In one or more illustrative embodiments, a method for speech separation is provided. The method uses at least one microphone to acquire at least one speech from at least one user and stores the at least one speech as a speech signal in a sound recording module. The method further extracts the speech signal from the sound recording module and processes the extracted speech signal through a sliding window, and transmits the processed speech signal to a DUET module for speech separation.
Preferably, the method in one embodiment uses a sliding window by traversing the extracted speech signal to determine a maximum amplitude of the speech signal; determining a starting position of the sliding window, the starting position of the sliding window is a position where the amplitude of the speech signal exceeds a predetermined proportion of the maximum amplitude for the first time from the beginning of the speech signal; determining an ending position of the sliding window, the ending position of the sliding window is a position where the amplitude of the speech signal exceeds a predetermined proportion of the maximum amplitude for the first time from the ending of the speech signal back to the beginning of the speech signal; and selecting the segment of the speech signal between the start position of the sliding window and the ending position of the sliding window as a processed speech signal for speech separation.
Preferably, the method in another embodiment uses a sliding window by traversing the extracted speech signal to determine an average amplitude of the speech signal; determining a starting position of the sliding window, the starting position of the sliding window is a position where the amplitude of the speech signal exceeds the average amplitude for the first time from the beginning of the speech signal; determining an ending position of the sliding window, the ending position of the sliding window is a position where the amplitude of the speech signal exceeds the average amplitude for the first time from the ending of the speech signal back to the beginning of the speech signal; selecting the segment of the speech signal between the start position of the sliding window and the ending position of the sliding window as a processed speech signal for speech separation.
In one or more illustrative embodiments, a system for speech separation is provided. The system for speech separation comprises at least one microphone for acquiring at least one speech from at least one user, a sound recording module for storing the at least one speech as a speech signal, a sliding window for extracting the speech signal from the sound recording module and processing the extracted speech signal, and a DUET module for receiving the processed speech signal to for speech separation.
Preferably, the sliding window in one embodiment is configured to traverse the extracted speech signal to determine a maximum amplitude of the speech signal; determine a starting position of the sliding window, the starting position of the sliding window is a position where the amplitude of the speech signal exceeds a predetermined proportion of the maximum amplitude for the first time from the beginning of the speech signal; determine an ending position of the sliding window, the ending position of the sliding window is a position where the amplitude of the speech signal exceeds a predetermined proportion of the maximum amplitude for the first time from the ending of the speech signal back to the beginning of the speech signal; and select the segment of the speech signal between the start position of the sliding window and the ending position of the sliding window as a processed speech signal for speech separation.
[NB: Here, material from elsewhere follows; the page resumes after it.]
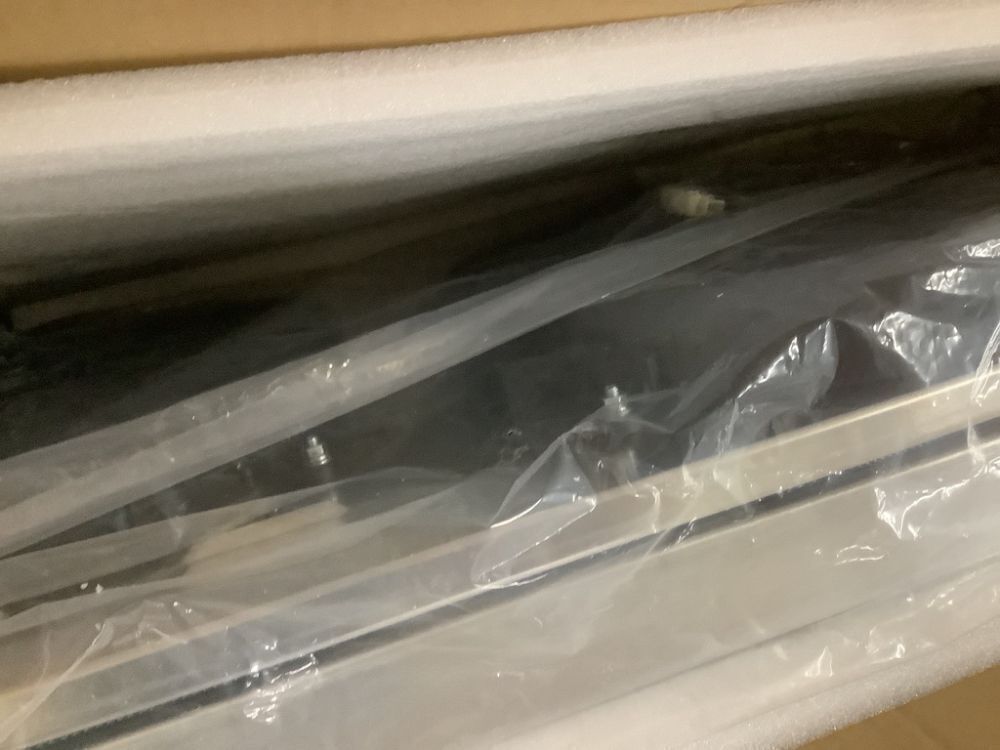 34 Inch 3 Row Aluminum Radiator for 1999-2014 Cadillac Escalade, Chevy Sonora Tahoe Avalanche Suburban Silverado 1500 2500 3500, GMC Yukon XL, Hummer H2 - Image 4 - Lot 244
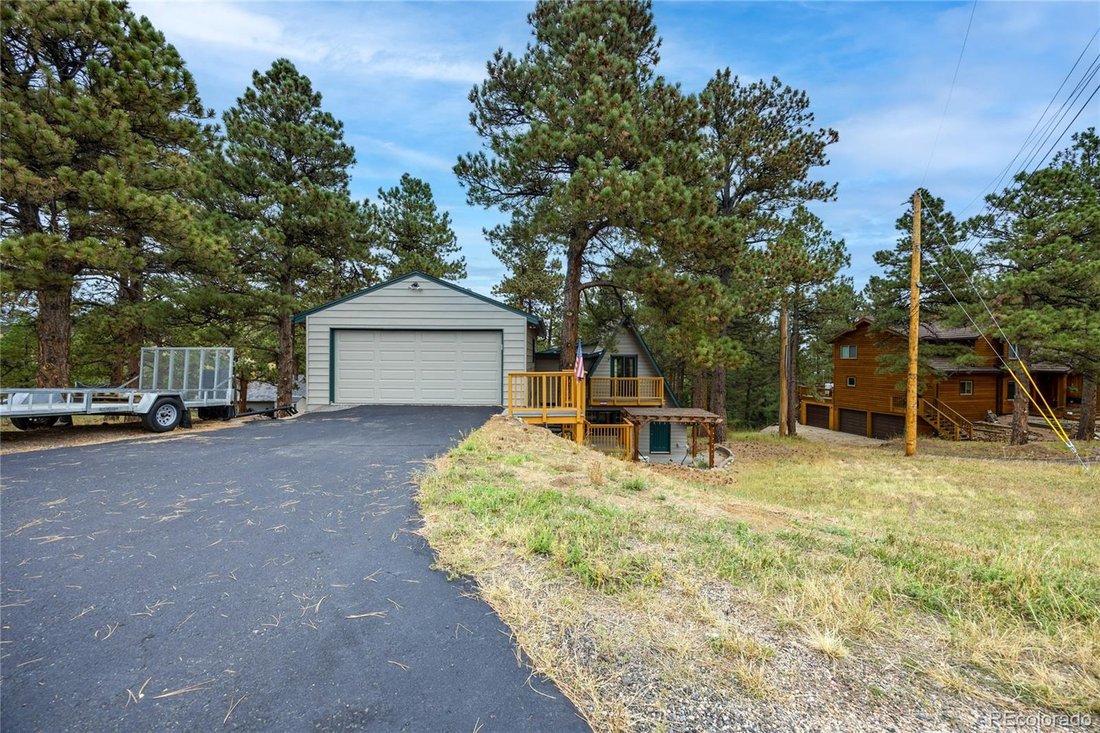 House in Golden, Colorado, United States 4 - 19012609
Preferably, the sliding window in another embodiment is configured to traverse the extracted speech signal to determine an average amplitude of the speech signal; determine a starting position of the sliding window, the starting position of the sliding window is a position where the amplitude of the speech signal exceeds the average amplitude for the first time from the beginning of the speech signal; determine an ending position of the sliding window, the ending position of the sliding window is a position where the amplitude of the speech signal exceeds the average amplitude for the first time from the ending of the speech signal back to the beginning of the speech signal; select the segment of the speech signal between the start position of the sliding window and the ending position of the sliding window as a processed speech signal for speech separation.
A computer readable media having computer-executable instructions for performing the abovesaid method is provided.
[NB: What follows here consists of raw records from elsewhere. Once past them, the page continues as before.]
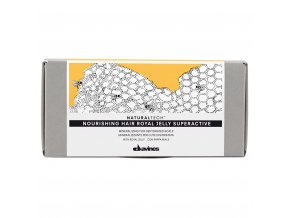Naturaltech Nourishing - Hair Royal Jelly Superactive 6x8 ml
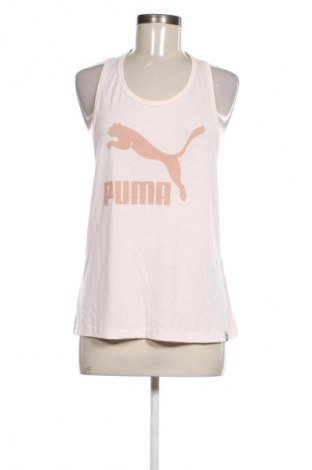 Női sport top PUMA, Méret M, Szín Rózsaszín, Ár 6 039 Ft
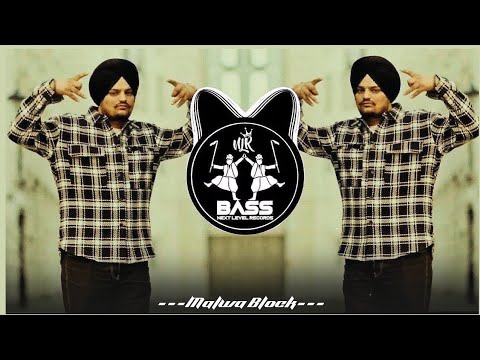 Drippy X All Eyes On Me (Gangsta Mashup) - Sidhu Moose Wala Ft. 2Pac | Prod By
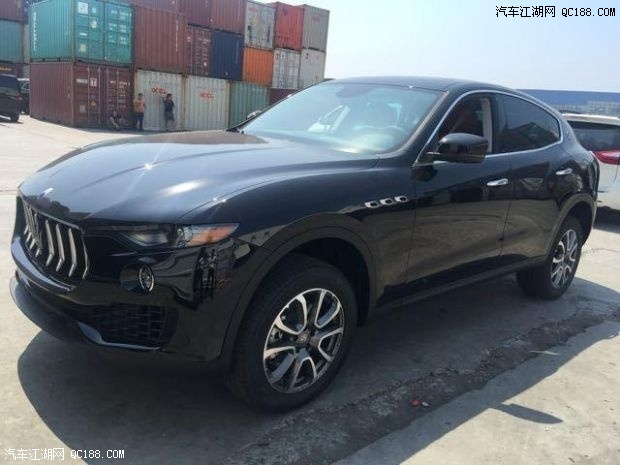 2018����ɯ����������Levante����汨��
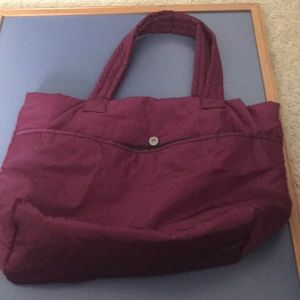 Tote bag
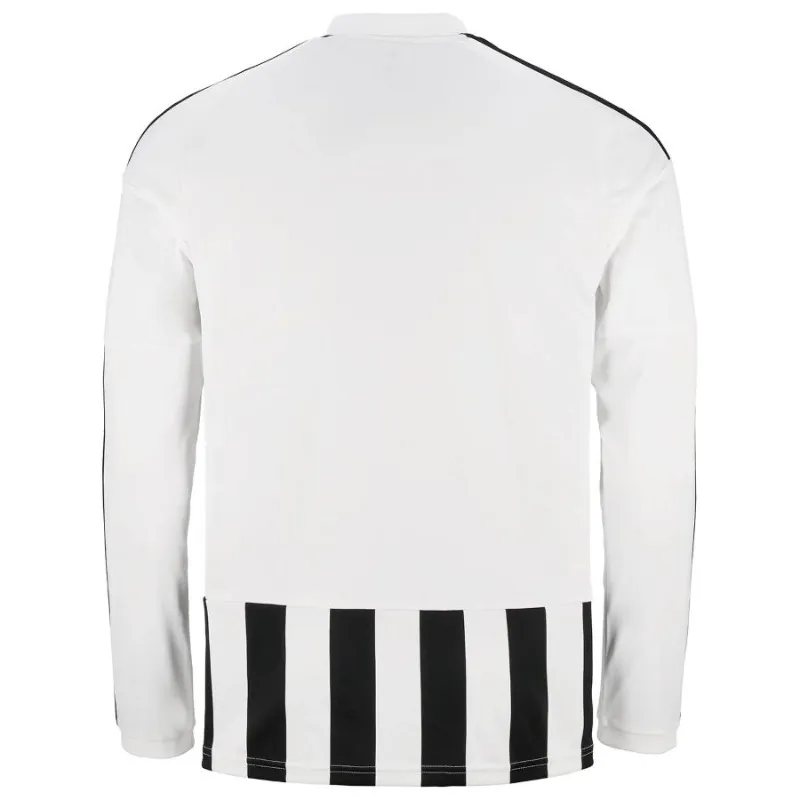 Maglia Juventus Casa Maniche Lunghe 2026/27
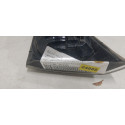 Lanterna Mitsubishi Lancer Esquerda 2011/2015 Original 24885 Esquerdo/motorista Preto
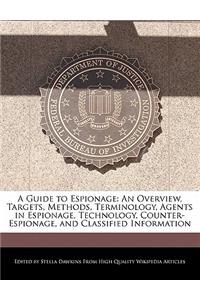 A Guide to Espionage
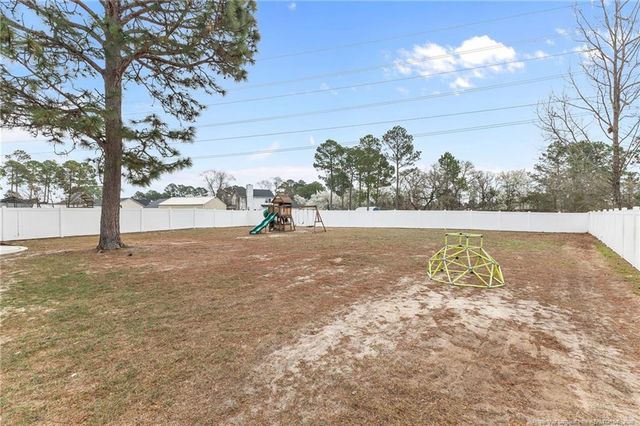 3529 Chaucer Drive, Hope Mills, NC 28348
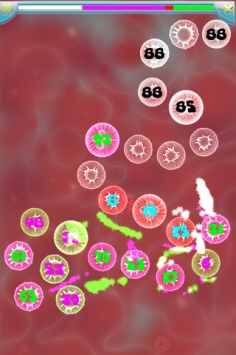 突变:入侵 v4.0.5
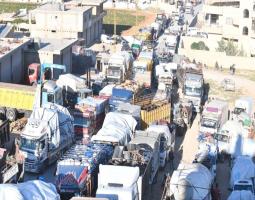 جنبلاط لـ”النهار” عشيّة الجلسة: ليُكمل لبنان ملفّه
Advantageously, the disclosed speech separation system and method can improve the real time performance of DUET by using a sliding window.
The systems, methods, features and advantages will be, or will become, apparent to one with skill in the art upon examination of the following figures and detailed description. It is intended that all such additional systems, methods, features and advantages be included within this description, be within the scope of the invention.
The features, nature, and advantages of the present application may be better understood with reference to the following drawings and description. The components in the figures are not necessarily to scale, emphasis instead being placed upon illustrating the principles of the invention. Moreover, in the figures, like referenced numerals designate corresponding parts throughout the different views.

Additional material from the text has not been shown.